* _What the task asks_:
Please copy the lines below, exactly as they are, from the one with "Los Hijos Del Pueblo, 1" through the one with "关于Google，谷歌浏览器及相关服务无法安装的全面处理指南", and leave out the pictures.
Data for this task: Begin
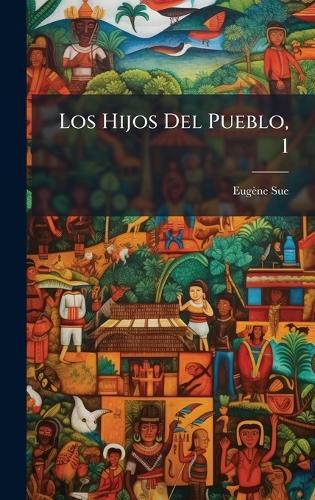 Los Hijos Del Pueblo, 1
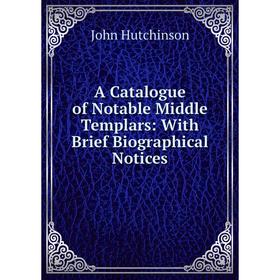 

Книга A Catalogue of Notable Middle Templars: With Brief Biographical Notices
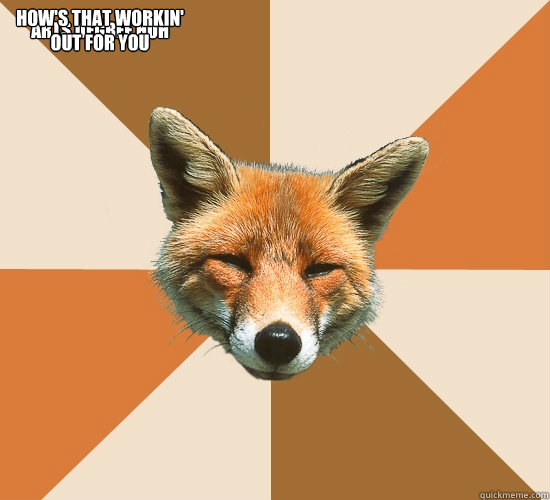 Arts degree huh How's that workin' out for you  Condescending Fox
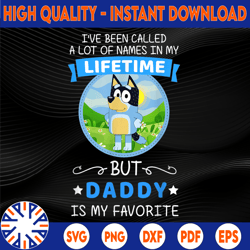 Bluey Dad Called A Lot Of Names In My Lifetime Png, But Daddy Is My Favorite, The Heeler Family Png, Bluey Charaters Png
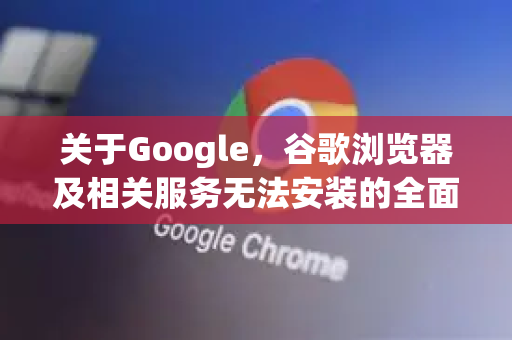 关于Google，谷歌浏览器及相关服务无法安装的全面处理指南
Data for this task: End
Data for this task: Begin
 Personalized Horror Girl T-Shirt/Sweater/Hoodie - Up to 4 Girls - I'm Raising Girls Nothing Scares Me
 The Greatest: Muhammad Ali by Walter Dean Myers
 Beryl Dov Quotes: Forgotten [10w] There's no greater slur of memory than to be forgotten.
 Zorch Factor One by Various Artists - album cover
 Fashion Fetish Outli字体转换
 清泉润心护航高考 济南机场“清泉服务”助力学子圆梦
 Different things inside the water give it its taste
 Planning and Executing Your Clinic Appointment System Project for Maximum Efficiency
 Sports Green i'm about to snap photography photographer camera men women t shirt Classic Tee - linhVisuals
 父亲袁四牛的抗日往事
Data for this task: End
* _Exercise answer_:
 Los Hijos Del Pueblo, 1

Книга A Catalogue of Notable Middle Templars: With Brief Biographical Notices
 Arts degree huh How's that workin' out for you  Condescending Fox
 Bluey Dad Called A Lot Of Names In My Lifetime Png, But Daddy Is My Favorite, The Heeler Family Png, Bluey Charaters Png
 关于Google，谷歌浏览器及相关服务无法安装的全面处理指南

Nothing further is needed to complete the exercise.